How to understand the elements that could make or break your next deal

Tax implications are an important factor to consider in the process of completing a business merger or acquisition.
But problems can arise when you alter the path of a deal simply to avoid a particular change in the tax laws or take advantage of a law that will soon be phased out.
“It’s just one of many things to take into consideration,” says Corinne Baughman, a partner with Moss Adams LLP.
“We don’t want the tax tail to wag the dog. I’ve seen plenty of deals where the client just couldn’t get it done in time. They decided they weren’t going to race just for that. It’s more important to make sure the deal is done correctly.”
Smart Business spoke with Baughman about how to make sure the deal you’re negotiating is right for your company.
What one step can help you make a more informed decision about a potential business transaction?
It’s always helpful if you have people on your negotiating team with experience in your industry, because they’ll know the nuances that come into play, especially as they relate to the types of assets and liabilities you’re negotiating over.
It might not be the person you use on a day-to-day basis, but rather somebody with a specific skill set who would be helpful in this situation.
How do you manage the people involved in this process?
If it’s a group of people who do this kind of work all the time, they know how to get through it. The individuals know that they can’t be seen as the one holding things up, so they keep everything moving forward. They have a working list of who has expertise in certain areas, and it’s all very organized.
One factor is the size of the deal. If you’re doing a $10 million deal, you shouldn’t have more than a handful of people involved. If it’s a $100 million deal and it’s in a highly regulated industry, you’re going to have to get more people involved.
What are some things to consider when assessing the merits of a potential deal?
In every deal there’s usually one side in the driver’s seat. So that side is going to drive the initial conversations about how the deal is going to be structured. Is it a purchase of assets? Is it a purchase of stock? Is it a purchase of limited liability company interests? You get into this process, and you start moving the boxes around.
Look at the proposed structure from a legal perspective and recognize the tax implications of the steps you need to go through prior to any merger or acquisition. There’s never just one step.
You also need to be a pessimist. Don’t expect that whatever positive thing you think is going to happen down the road will happen. If it’s not a good enough deal today— based on the money you get in cold cash — then it’s not a good enough deal period.
How important is it to look beyond the day the deal closes?
It is easy to lose focus because you’re thinking, ‘Hey, the deal is closing on Monday.’
You have the structure down, everyone’s happy and you really haven’t taken the time to model out what happens a year from now if you’re profitable.

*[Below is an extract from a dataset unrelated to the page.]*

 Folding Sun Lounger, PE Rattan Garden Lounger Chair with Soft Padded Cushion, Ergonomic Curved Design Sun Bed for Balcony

What happens if you’re not profitable? What if you don’t hit your targets? What else could impact any future earn-out you’re supposed to get?

You need to not only look at how to get through the transaction, but also at what happens six months from now, a year from now, three years from now, etc.
What are all the things that could happen? Does everybody fully understand what the implications could be if one of those things were to happen?